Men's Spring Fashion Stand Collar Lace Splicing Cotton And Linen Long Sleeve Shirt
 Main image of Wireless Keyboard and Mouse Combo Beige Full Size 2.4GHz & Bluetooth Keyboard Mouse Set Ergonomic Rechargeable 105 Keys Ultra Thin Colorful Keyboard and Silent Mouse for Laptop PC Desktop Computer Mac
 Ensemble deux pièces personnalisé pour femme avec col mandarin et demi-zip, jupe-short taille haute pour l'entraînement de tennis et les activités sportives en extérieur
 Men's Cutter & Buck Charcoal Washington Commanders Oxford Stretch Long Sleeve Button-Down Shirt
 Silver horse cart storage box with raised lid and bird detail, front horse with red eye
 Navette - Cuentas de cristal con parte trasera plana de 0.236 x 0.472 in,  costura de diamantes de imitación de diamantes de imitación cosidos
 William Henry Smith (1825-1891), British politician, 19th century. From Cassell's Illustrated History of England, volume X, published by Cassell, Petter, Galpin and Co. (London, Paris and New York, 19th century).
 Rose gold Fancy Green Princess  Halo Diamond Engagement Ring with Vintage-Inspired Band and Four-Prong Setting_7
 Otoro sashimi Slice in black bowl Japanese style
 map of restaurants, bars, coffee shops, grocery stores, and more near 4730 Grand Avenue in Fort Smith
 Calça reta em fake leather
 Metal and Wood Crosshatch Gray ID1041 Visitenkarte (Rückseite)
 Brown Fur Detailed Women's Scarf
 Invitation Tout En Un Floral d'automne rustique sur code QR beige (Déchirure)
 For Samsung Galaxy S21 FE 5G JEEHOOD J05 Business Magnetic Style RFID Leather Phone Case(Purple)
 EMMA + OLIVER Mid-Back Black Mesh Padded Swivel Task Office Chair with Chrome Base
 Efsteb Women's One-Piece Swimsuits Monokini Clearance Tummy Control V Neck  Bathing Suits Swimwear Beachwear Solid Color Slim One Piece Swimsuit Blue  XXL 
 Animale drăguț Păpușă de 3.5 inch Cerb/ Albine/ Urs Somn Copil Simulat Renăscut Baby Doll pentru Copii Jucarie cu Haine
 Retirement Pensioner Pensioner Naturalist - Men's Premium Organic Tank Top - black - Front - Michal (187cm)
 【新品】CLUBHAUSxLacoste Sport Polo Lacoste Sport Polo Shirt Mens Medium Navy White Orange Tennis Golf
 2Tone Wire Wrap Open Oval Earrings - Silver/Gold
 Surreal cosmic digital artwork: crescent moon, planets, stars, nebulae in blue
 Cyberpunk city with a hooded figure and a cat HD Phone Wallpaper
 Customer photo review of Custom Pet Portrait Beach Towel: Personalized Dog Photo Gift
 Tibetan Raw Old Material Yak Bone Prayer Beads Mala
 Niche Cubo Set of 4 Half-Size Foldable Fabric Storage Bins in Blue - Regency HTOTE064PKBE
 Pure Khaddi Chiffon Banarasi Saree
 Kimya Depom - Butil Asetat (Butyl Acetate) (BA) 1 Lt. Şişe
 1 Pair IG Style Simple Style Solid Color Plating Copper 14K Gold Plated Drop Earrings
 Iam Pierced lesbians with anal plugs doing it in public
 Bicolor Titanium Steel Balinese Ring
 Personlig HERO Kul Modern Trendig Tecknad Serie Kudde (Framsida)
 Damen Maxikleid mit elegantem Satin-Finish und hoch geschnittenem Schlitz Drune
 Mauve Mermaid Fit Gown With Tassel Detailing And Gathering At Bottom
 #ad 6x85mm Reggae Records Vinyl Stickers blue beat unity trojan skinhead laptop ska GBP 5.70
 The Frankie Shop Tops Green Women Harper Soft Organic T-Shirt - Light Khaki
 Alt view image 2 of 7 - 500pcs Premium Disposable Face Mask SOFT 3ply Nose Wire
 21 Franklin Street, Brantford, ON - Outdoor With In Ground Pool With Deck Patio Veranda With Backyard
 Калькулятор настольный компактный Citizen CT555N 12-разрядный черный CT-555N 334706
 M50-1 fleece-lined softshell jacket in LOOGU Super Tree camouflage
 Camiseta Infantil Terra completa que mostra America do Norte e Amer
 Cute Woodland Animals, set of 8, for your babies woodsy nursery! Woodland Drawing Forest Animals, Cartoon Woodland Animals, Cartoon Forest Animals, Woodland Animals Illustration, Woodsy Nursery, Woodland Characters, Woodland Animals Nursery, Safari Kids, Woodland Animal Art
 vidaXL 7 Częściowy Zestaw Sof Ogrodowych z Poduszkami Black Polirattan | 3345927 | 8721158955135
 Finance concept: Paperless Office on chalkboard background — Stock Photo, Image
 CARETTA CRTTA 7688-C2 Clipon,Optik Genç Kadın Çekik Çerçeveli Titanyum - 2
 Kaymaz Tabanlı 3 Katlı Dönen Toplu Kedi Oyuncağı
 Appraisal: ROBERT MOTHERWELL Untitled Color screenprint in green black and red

+ + + + + + +

In the entries above, restate word for word the lines between the one holding "Retirement Pensioner Pensioner" and the one holding "2Tone Wire Wrap", inclusive, and nothing besides.

Expected answer →
 Retirement Pensioner Pensioner Naturalist - Men's Premium Organic Tank Top - black - Front - Michal (187cm)
 【新品】CLUBHAUSxLacoste Sport Polo Lacoste Sport Polo Shirt Mens Medium Navy White Orange Tennis Golf
 2Tone Wire Wrap Open Oval Earrings - Silver/Gold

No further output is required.